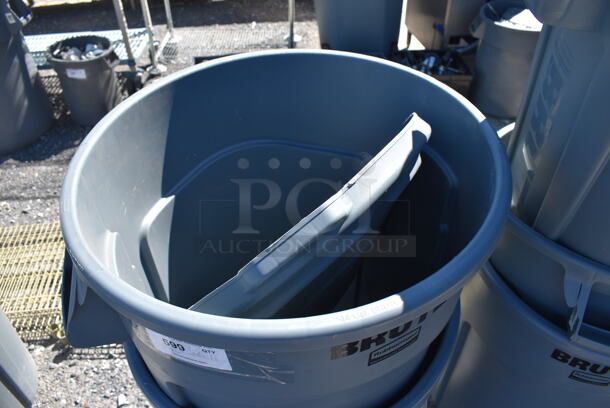 6 Various BRAND NEW Rubbermaid Brute Gray Poly Trash Cans. Includes 26x24x32. 6 Times Your Bid! - Image 5 of 5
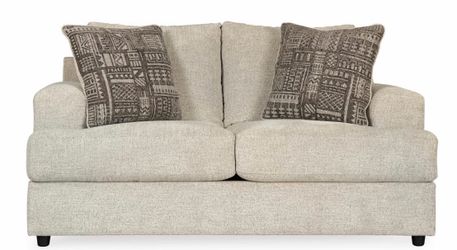 Like new: Soletren plush loveseat with 2 accent pillows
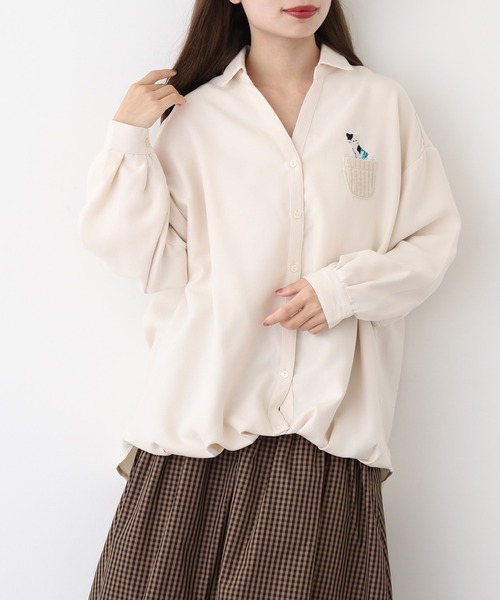Quelle Chance(ケルシャンス)の「靴下猫刺繍タックシャツ(シャツ/ブラウス・レディース・チャコールグレー/グリーン/キナリ・M/L)」の4枚目の写真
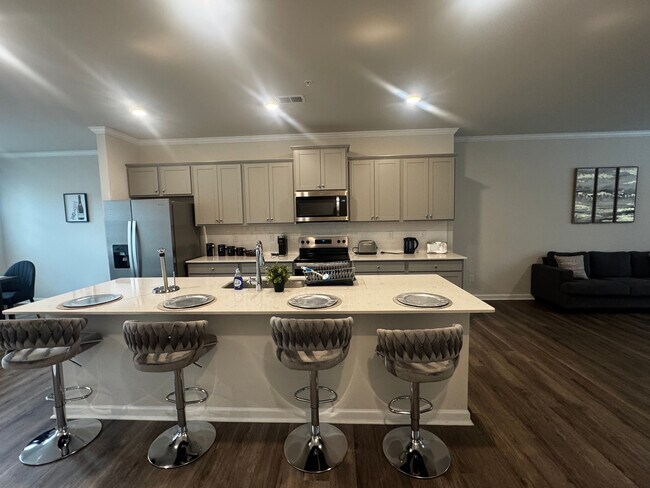 Foto del edificio - Room in Townhome on Chestnut Trce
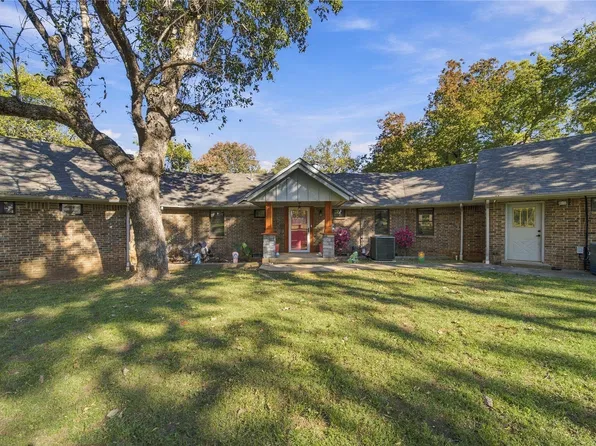 1701 N Hopi St, Chouteau, OK 74337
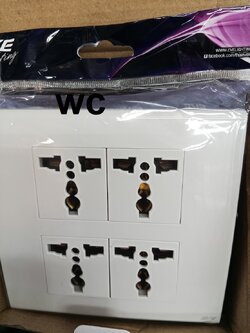 ปลั๊กกราวด์คู่ ปลั๊กไฟลอย เต้ารับ 3 ขา 6 ช่อง EVE รุ่น 4x4 ปลั้ก universal ผนัง สีขาว เต้าไฟติดผนัง 3 ขา เต้ารับปลั๊กไฟ เต้ารับ ชุดเต้ารับ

+--

TASK BRIEF -
Set down exactly, line for line, the data from the line that contains "Quelle Chance(ケルシャンス" through its last line, keeping pictures out.

ANSWER TO THIS EXERCISE -
Quelle Chance(ケルシャンス)の「靴下猫刺繍タックシャツ(シャツ/ブラウス・レディース・チャコールグレー/グリーン/キナリ・M/L)」の4枚目の写真
 Foto del edificio - Room in Townhome on Chestnut Trce
 1701 N Hopi St, Chouteau, OK 74337
 ปลั๊กกราวด์คู่ ปลั๊กไฟลอย เต้ารับ 3 ขา 6 ช่อง EVE รุ่น 4x4 ปลั้ก universal ผนัง สีขาว เต้าไฟติดผนัง 3 ขา เต้ารับปลั๊กไฟ เต้ารับ ชุดเต้ารับ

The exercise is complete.